We have previously shown that horse cytochrome (cyt) c forms polymers from monomers by 3D domain swapping (herein domain swapping) its C-terminal α-helix successively (runaway domain swapping) [1]. The C-terminal α-helix of dimeric horse cyt c was displaced from its original position in the monomer, and the Met80–heme coordination was perturbed significantly in the dimer, causing higher cyanide ion binding affinity and peroxidase activity compared to those in the monomer.

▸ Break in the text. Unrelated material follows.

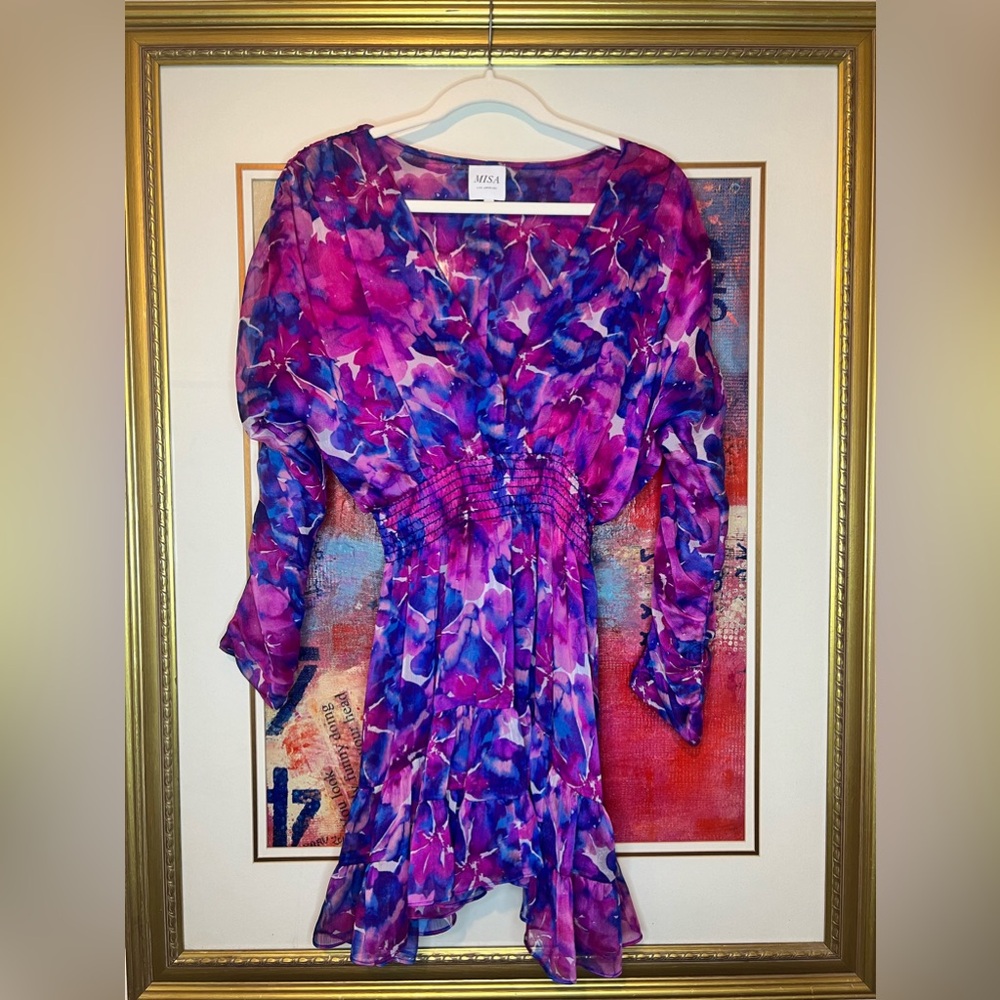 MISA Chiara Mini Dress Watercolor Blues Color Size Small - Picture 3 of 7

Cyt c formed domain-swapped oligomers by the interaction between the N- and C-terminal α-helices at the early stage of folding from its unfolded state [2], and the interaction important for domain swapping was detected in the monomer molten globule state [3]. However, cyt c domain swapping occurred regardless of Met80 mutation to Ala, and the domain-swapped dimer stability was less affected by the Met80–heme coordination [4]. High-order domain-swapped oligomers of HT cyt c₅₅₂ were produced during E. coli culture, whereas the domain-swapped protein amount decreased when the protein stability was decreased by mutation, indicating that exceedingly stable proteins may have disadvantages forming domain-swapped oligomers in cells [5].

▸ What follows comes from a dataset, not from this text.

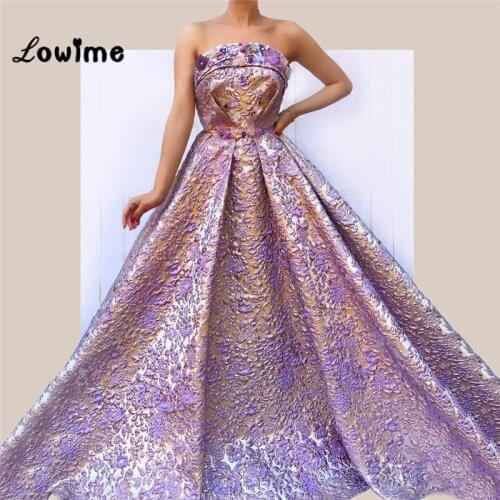 Saudi Arabic Strapless Middle East Evening Dresses With Beaded 3D Flowers Party Gown Dubai Abaya Formal Dress Women Elegant 2018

Cyt cb₅₆₂ also domain swapped and formed a dimer, where the two helices in the N-terminal region of one protomer interacted with the other two helices in the C-terminal region of the other protomer. In the crystal, three domain-swapped cyt cb₅₆₂ dimers formed a unique cage structure with a Zn-SO₄ cluster inside the cavity [6]. We have previously shown that myoglobin (Mb) forms a domain-swapped dimer with two extended α-helices, and constructed an artificial heterodimeric protein with two different heme active sites (a bis-histidine-coordinated heme and a H₂O/histidine-coordinated heme) by domain swapping two Mb surface mutants with opposite charges [7]. In this study, to obtain a c-type cyt heterodimer, we constructed two c-type cyt-based chimeric proteins and domain swapped them. The two chimeric proteins formed a domain-swapped dimer with two His/Met coordinate hemes. By mutating the heme coordination structure of one of the two chimeric proteins, a domain-swapped c-type cyt heterodimer with His/Met and His/H₂O coordinate hemes was formed [8].

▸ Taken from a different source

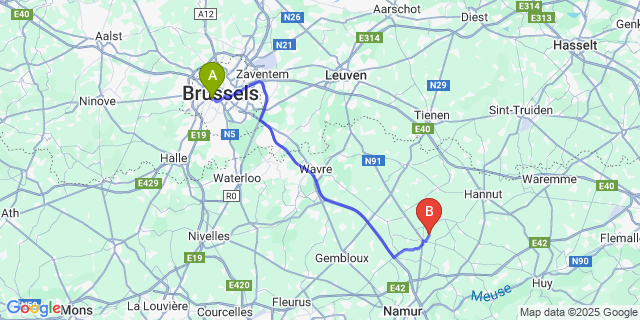 Map: Brussels Midi Train Station to Bolinne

Protein amyloids receive much attention due to their correlation with serious diseases and to their promising mechanical and optical properties as future materials. A single spherical assembly of amyloid fibrils has been shown to generate by laser trapping domain-swapped dimeric cyt c [2]. Amyloid formation dynamics and amyloid-based micro-structure fabrication were demonstrated based on direct observation of a single spherical assembly, which foresees a new approach in amyloid studies.

References

[1] S. Hirota, et al., Proc. Natl. Acad. Sci. USA, 107, 12854 (2010).

[2] P. P. Parui, et al., Biochemistry, 52, 8732 (2013).

[3] M. S. Deshpande, et al., Biochemistry, 53, 4696 (2014).

[4] S. Hirota, et al., J. Biol. Inorg. Chem., 22, 705 (2017).

[5] Y. Hayashi, et al., Sci. Rep., 6, 19334 (2016).

[6] T. Miyamoto, et al., Chem. Sci., 6, 7336 (2015).

[7] Y.-W. Lin, et al., Angew. Chem. Int. Ed., 54, 511 (2015).

[8] M. Zhang, et al., ChemBioChem, 18, 1712 (2017).

[9] K. Yuyama, et al., Angew. Chem. Int. Ed., 56, 6739 (2017).